Is the centre of gravity for Islamic terror shifting to Afghanistan? Of late, these stories were emanating from West Asia, countries like Syria which were relatively “remote” from South Asia. Militancy gestating next door, in Afghanistan, and in the notice of closest friend America places New Delhi in an awkward bind. Little wonder that terrorism loomed large in the Putin-Modi exchanges.
The situation today is exactly the opposite of what it was on October 7, 2001 when the US launched missile attacks on Afghanistan to destroy Al Qaeda and its head, Osama bin Laden. It is an amazing coincidence of history that it was exactly on that date, basking in post-9/11 Islamophobia, that Narendra Modi arrived in Ahmedabad to take charge as Gujarat chief minister. The February 2002 Gujarat pogrom almost blended with the hysterical global anti-Islamism unleashed by George W. Bush, Dick Cheney, and a host of others.
In the past 20 years, the world and the region have changed radically. It was its “sole superpower” moment that propelled the US to attack, invade and occupy Afghanistan. Its departure from that country showed the United States at its nadir. Surely, Mr Modi must change too.
Take the tennis racquet as an image: The round frame with a network of tight strings is, for our image, Afghanistan surrounded by Iran, Turkmenistan, Uzbekistan, Tajikistan, China, Russia and Pakistan, all shoulder to shoulder, quite literally on the Afghan issue. Kazakhstan, which does not have a border, has also been holding military exercises with Uzbekistan on the Afghan border.
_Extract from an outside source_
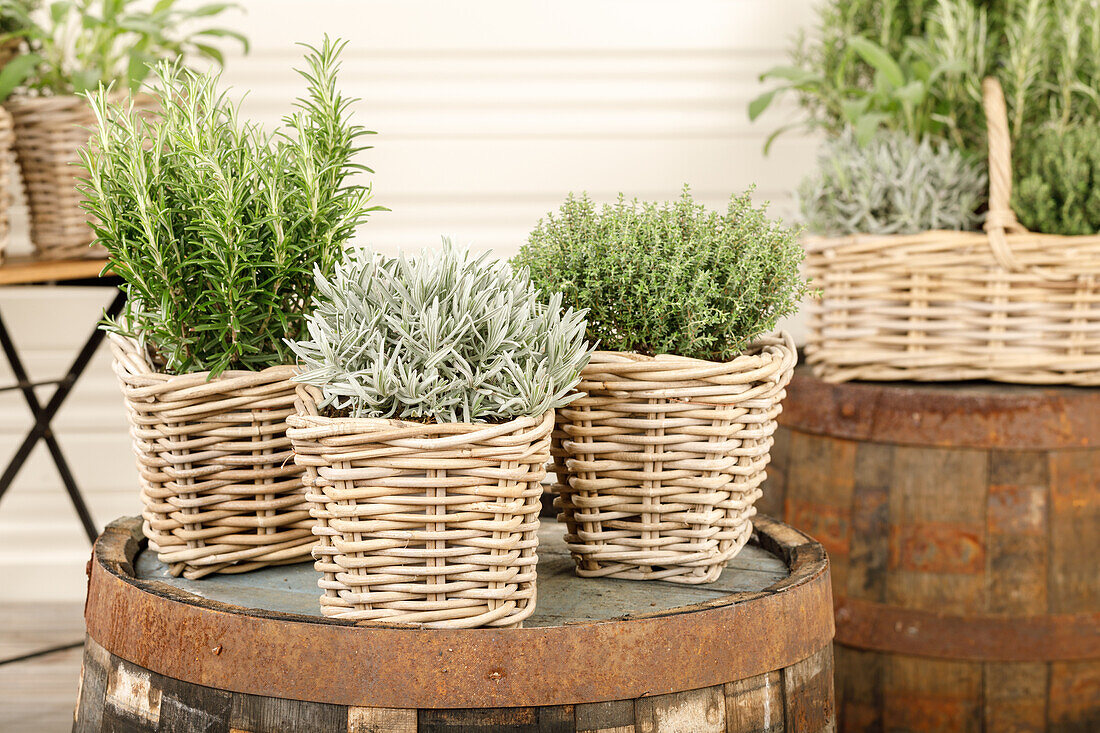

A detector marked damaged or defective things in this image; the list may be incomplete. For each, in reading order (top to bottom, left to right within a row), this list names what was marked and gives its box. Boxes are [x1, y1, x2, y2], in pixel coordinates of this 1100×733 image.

At the end of the racquet’s handle, across two oceans, is America. That leaves us somewhere near the “Y” holding the racquet’s head. The geography, the contiguity of states peering into Afghanistan, dictates its own policy of convergence.
In the recent three-hour virtual summit between Xi Jinping and Joe Biden, there was nothing for the hawks to celebrate. Mr Biden reiterated the “one China” policy and the two leaders talked of “managing” their “competition”; saying they won’t allow it to spiral out of control.
It will be foolish to expect any ostensible change in neighbourhood policy until the February-March Assembly elections. But there must be an inevitable quest for a cooperative approach afterwards. Some good signs may already be there. A junior Pakistan hockey team was recently in India. Indian trucks can carry food aid to Afghanistan via Pakistan.
Television anchors aren’t busting their lungs out on a new “Chinese village” in Arunachal Pradesh. This allows cool-headed policies to take shape. The US is a good enough friend to tolerate a shift in nuance: from fixation to consistency.